Turkey Trot Tips for Beginner and Experienced Runners

Turkey Trot Tips for Beginner and Experienced Runners

Turkey Trots offer an exciting running experience for the entire spectrum of runners. For some beginners, a Turkey Trot is their first race experience. For some, it’s a time-honored family tradition. Other runners embrace the Turkey Trot as the final race of the season. No matter your experience level or goals, you can run a strong and enjoyable race with these Turkey Trot tips for beginer and experienced runners.

Turkey Trot Tips for Beginner and Experienced Runners

For Beginners:

Start at a Comfortable Effort

Even if you’ve covered the distance before in training, you can still set yourself up for an unpleasant racing experience if you start at a sprint. Running too fast for the first portion of a 5K or 10K may feel easy for the first few minutes, but your lungs and legs will soon burn and you will inevitably slow down. A highly uncomfortable race is not what you want for one of your first racing experiences! 

Don’t let the adrenaline of racing or the excitement of the crowd cause you to start your race too fast. Instead, begin at a comfortable pace, similar to the pace you have done for most of your runs. You might even feel like you are consciously holding back. If you feel good over the last mile, gradually increase your speed. 

Dress Warm Enough But Don’t Bundle Up

In most parts of the country, Thanksgiving day will be cold, windy, and possibly snowy. Make sure you dress appropriately for the cold weather: wear a long sleeve or jacket, running tights or capris, gloves, a hat, and warm socks. However, since your body temperature will rise as you exert yourself, don’t dress too warm! There’s no need to show up at the starting line in a winter parka. A good rule of thumb is to dress as if the weather is 15 degrees warmer than it actually is. (Here are more useful tips for racing in the cold.)
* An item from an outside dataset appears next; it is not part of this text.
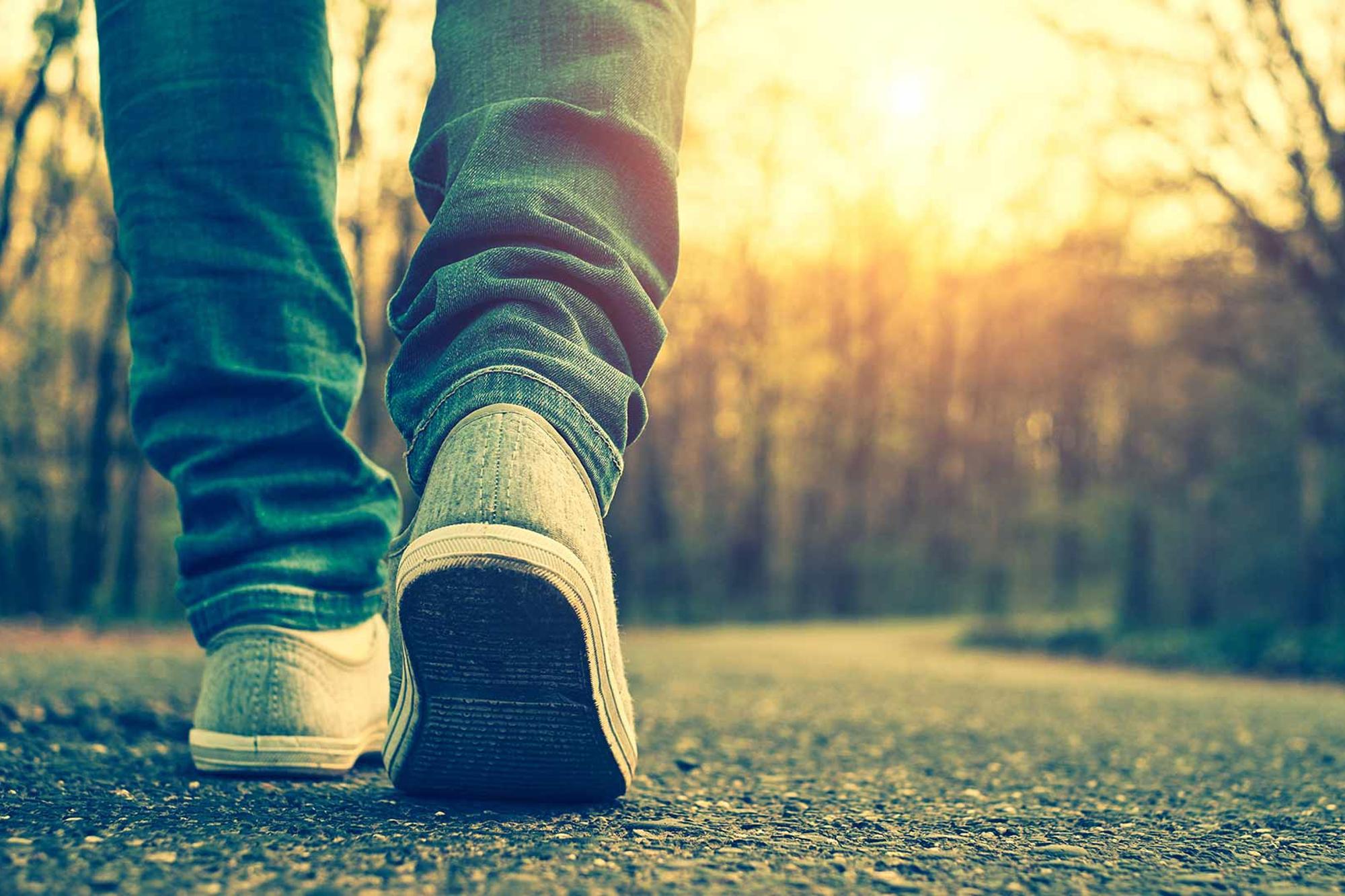 Fokus på skorna på en person som går på en väg med en solnedgång i bakgrunden.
Don’t Line Up in the Front

With the excitement of your first race, you may be tempted to line up right at the front. However, everyone will have a better race experience if they seed themselves appropriately. One of the biggest complaints from community races is that faster runners have to dodge walkers, while slower runners feel overwhelmed by faster runners dodging around them. It’s not a pleasant experience for either side.

No matter your pace, practice good etiquette at the start line. Line up based on your abilities and be cognizant of others around you. If you are running with a dog or a stroller, seed yourself at the back of the start line.

For Experienced Runners:

Don’t Over-Analyze

Like many local races, some Turkey Trots aren’t perfectly measured USATF-certified courses. Your Garmin might measure inaccurately or the race distance may be slightly long or short. Don’t get too stressed about the exact distance or whether you run an “official” PR or not. Focus on pushing yourself hard and enjoying the race for what it is. 
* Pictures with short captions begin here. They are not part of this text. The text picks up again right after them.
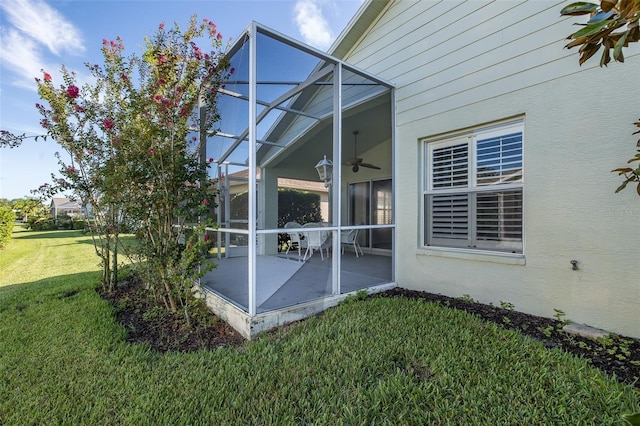 exterior space featuring a lanai, a yard, a patio area, and ceiling fan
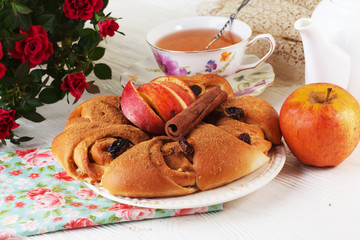 bun roll with apple and cinnamon raisin in a still life on plate bright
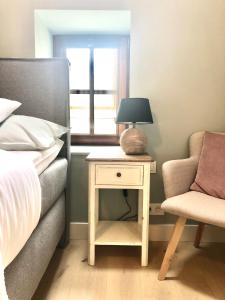 een slaapkamer met een bed en een tafel met een lamp en een stoel bij Winning De Zwaen in Hasselt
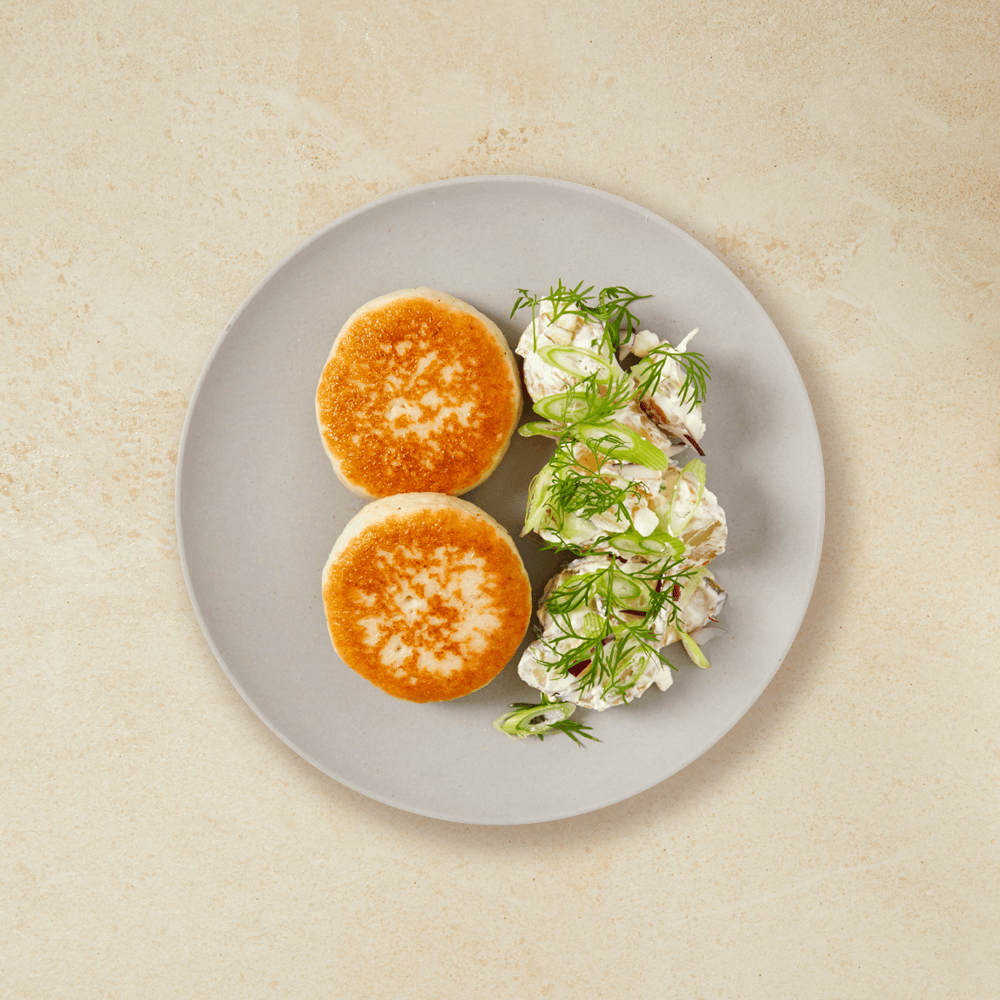 To fiskekaker med kremet potetsalat, ligger på en grå tallerken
Get Outside Your Comfort Zone

For many competitive runners, the Turkey Trot offers the perfect opportunity for one last race of the season. Your fitness is high from a fall marathon or half marathon and you’ve likely had plenty of time to recover if you ran an October or early November race. Even if you have not done any speedwork in several weeks, you still will have the fitness to race fast. 

A Turkey Trot 5K gives you the opportunity to push outside of your comfort zone and capitalize on your previous months of hard training. It’s a low-risk, high-reward scenario. If you push too hard, the worse that happens is you struggle at the end of a 5K. If all goes well, you might walk away with a new PR or an age group award. 

Encourage New Runners

Turkey Trots leave an impression on novice runners. At your local Turkey Trot, contribute to the sense of community by encouraging other runners, especially new runners, and practicing good race day etiquette. When you pass someone, encourage them. If possible, stay at the finish line for a while to cheer on others. 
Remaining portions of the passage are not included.